In that entire journey or rush, you sometimes forget to look at your own self, even though you’re very focused on yourself. Prior to the pandemic, I enjoyed my own company and I always have. I enjoy being with myself but somewhere I realized that I always needed some external activity and stimulation of some person. That could be somebody who is meaningful, purposeful, interesting, intelligent and smart but somewhere I needed to see within myself.

What happened was the self-awareness in terms of the ability to enjoy my own company and being with myself came back where I could be alone and yet not feel lonely. I could be with people in a bio-bubble with a few families and yet I could be alone and not feel lonely. That was something that I began to bring back to my own life because I said, “This could be something that could last for a few years.” Who knows? We are working remotely and not seeing that many people.

If you cannot allow boredom and frustration to set in, people are going through so much in life. There is debt, desolation, loneliness, neglect, income and unemployment. Compared to that, if somebody says or if I said, “I’m getting bored,” that’s not fair. Fair is an understatement. I told myself, “I need to start enjoying my own company.” That’s something that has happened and I thank this book. I don’t thank myself. I thank all the people who made this book happen, who I call my readers and made me understand that I need to walk my walk and walk the talk.

My definition of being bored has changed. If you are a boring person, you will get bored. If you are an interesting person, you must have the ability to enjoy not of narcissism and self-love but be able to enjoy your company.
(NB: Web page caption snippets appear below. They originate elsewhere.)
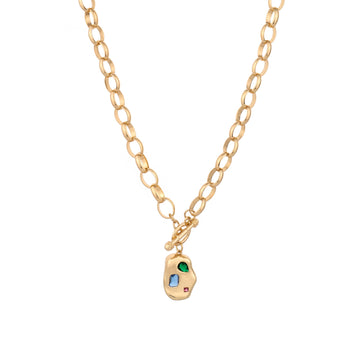 Ettika 18" Rainbow Crystal Nugget Toggle Necklace in 18K Gold Plated over Metal
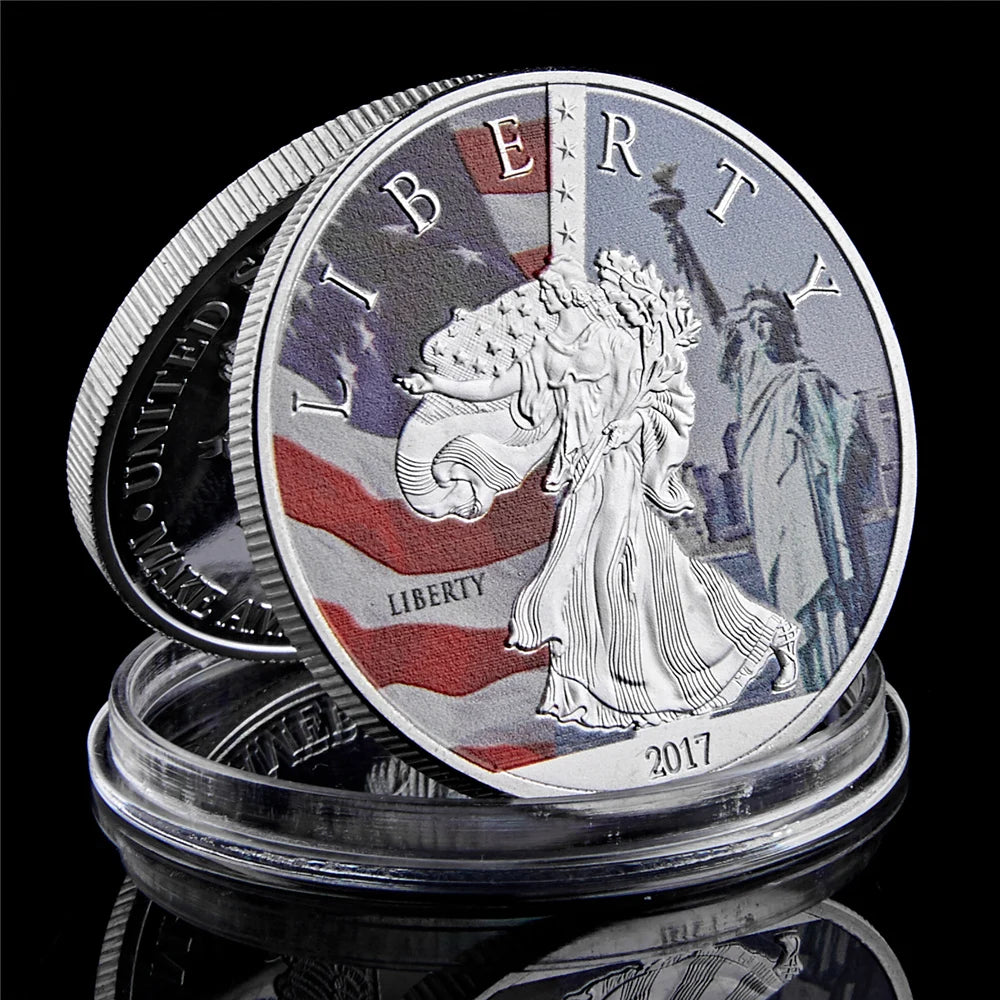 USA New York Lady Statue of Liberty Great Seal of USA Gold Silver Coin
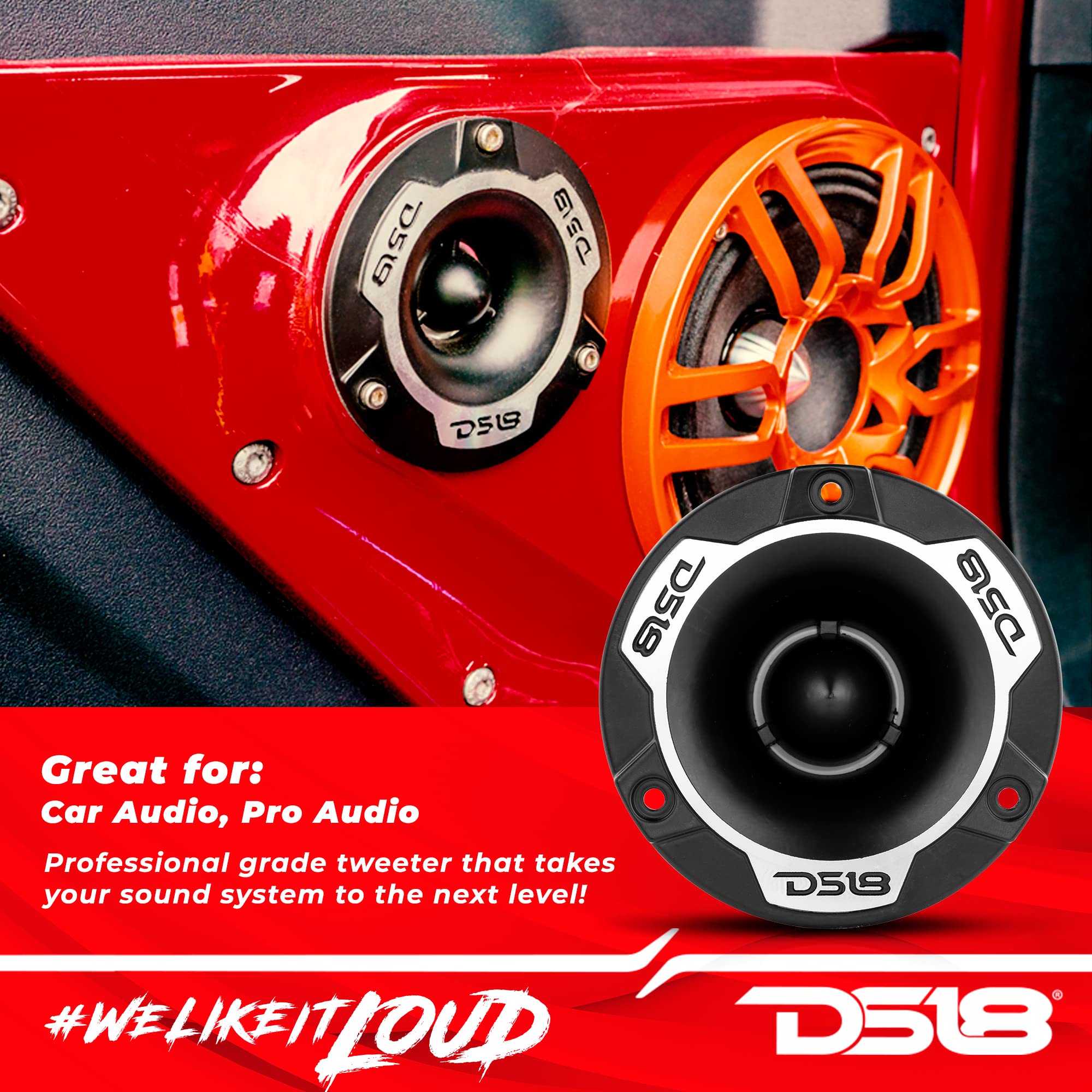 DS18 PRO-TWN6.8 PRO 4" Super Bullet Tweeter High Compression Neodymium 1.25" Voice Coil 8 Ohms - High Sensitivity of 109 dB - The Best Tweeters in The Pro Audio and Voceteo Market (1 Speaker) 3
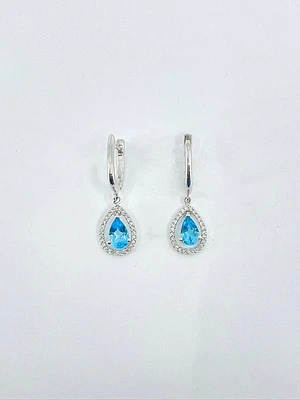 10K White Gold Genuine Blue Topaz & Diamond Earrings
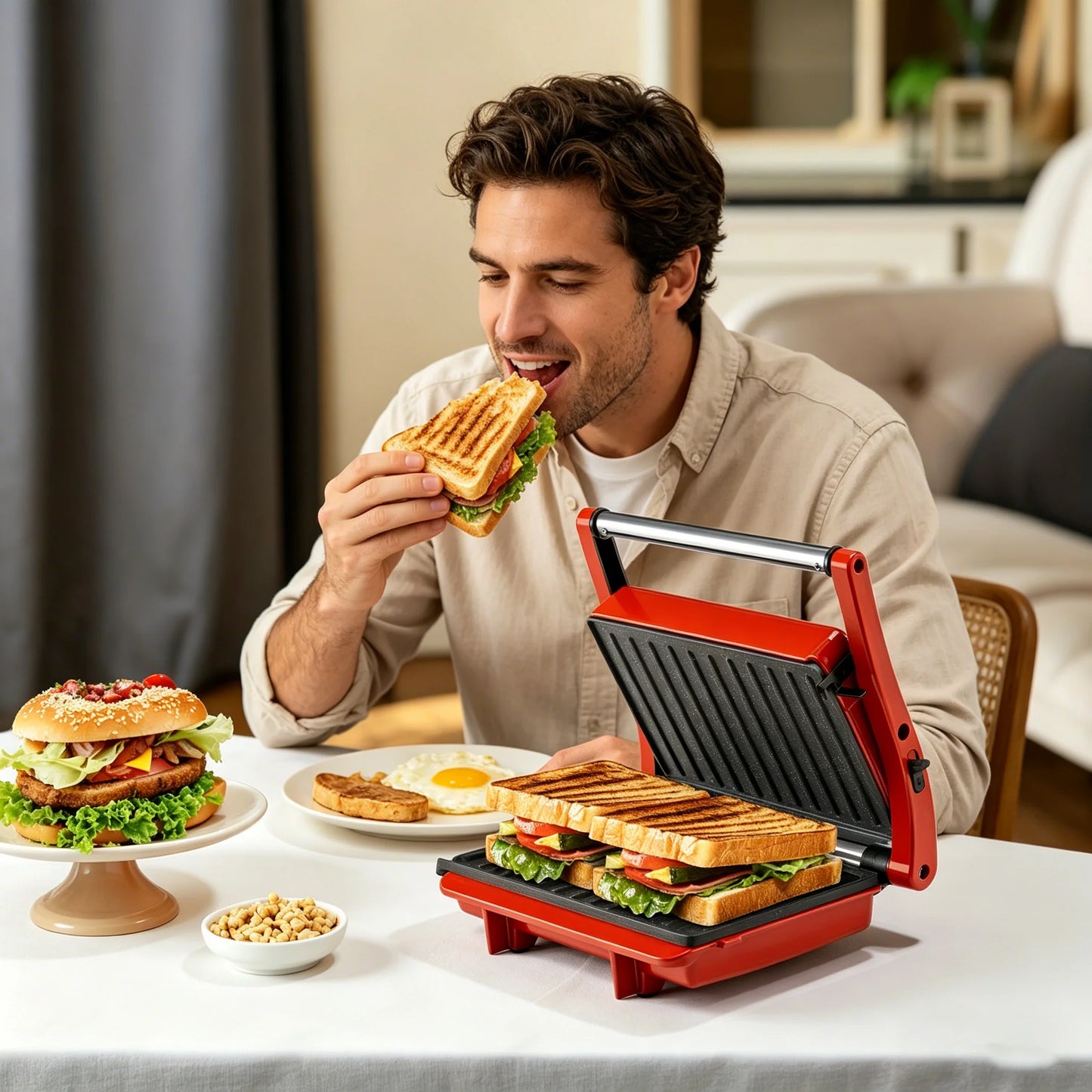 Suslas 1000W Electric Panini Press With Nonstick Plates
You can do that by reading. As you rightly said, you and I love reading. You can listen to a meaningful podcast, watch an interesting, amusing video and pour into the wisdom of ages and sages of people.

That is everything that you have on your most powerful instrument, your cell phone and the internet. It’s affordable. There are ways you can do that. You can pick up the phone, talk to somebody and get into an interesting conversation. You can meditate or go for a long walk. There is so much more that a country like the United States provides, unlike a lot of other parts of the world, that’s available for free. In that sense, that has been my greatest epiphany.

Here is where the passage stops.